テツキドウ

2006年02月25日

category= semi

卒論1本紹介。(今後、断続的に、つづく、かも。)

U君は、岐阜市の廃線後の路面電車の軌道をとりあげた。といっても、最近よくある「路面電車によるまちづくり」みたいな結構なお話とはちょっと違う。廃線によって用を失った「鉄軌道」というモノが、しかしなお都市に何かを及ぼし続けているということをクローズアップした研究なのである。

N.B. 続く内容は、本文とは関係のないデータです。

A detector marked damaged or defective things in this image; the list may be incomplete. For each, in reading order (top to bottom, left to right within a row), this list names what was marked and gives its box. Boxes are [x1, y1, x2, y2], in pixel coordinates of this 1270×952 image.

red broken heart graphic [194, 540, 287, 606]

路面電車は、「道路」という空間を、電車が自動車・自転車・歩行者と併存しながら走るものなので、その限られた空間に棲み分けの作法が成立して秩序化されていたと彼は言う。その電車がなくなり、たんなる鉄(鉄軌道)が残されたのに、その秩序は厳然として生きているのではないかということを、U君はなぜか見つけた。

たとえば自動車は普段は軌道を避けて走り、右折が近づくと侵入し、軌道上を「右折レーン」として利用するが、これは電車が走っていたときと同じ。まるで透明の幽霊電車が走っているみたいに、道路が秩序を維持しているのだという。少し周辺部に出ると、住宅の立ち並ぶ目の前に軌道が走る。こういうところでは、車をバックさせて軌道を横切らないと「車庫入れ」ができないし、「車庫出し」はその反対。それが日常なのだ。軌道は、電車を走らせるということ以外に、さまざまな「作用」を都市に及ぼしているらしい。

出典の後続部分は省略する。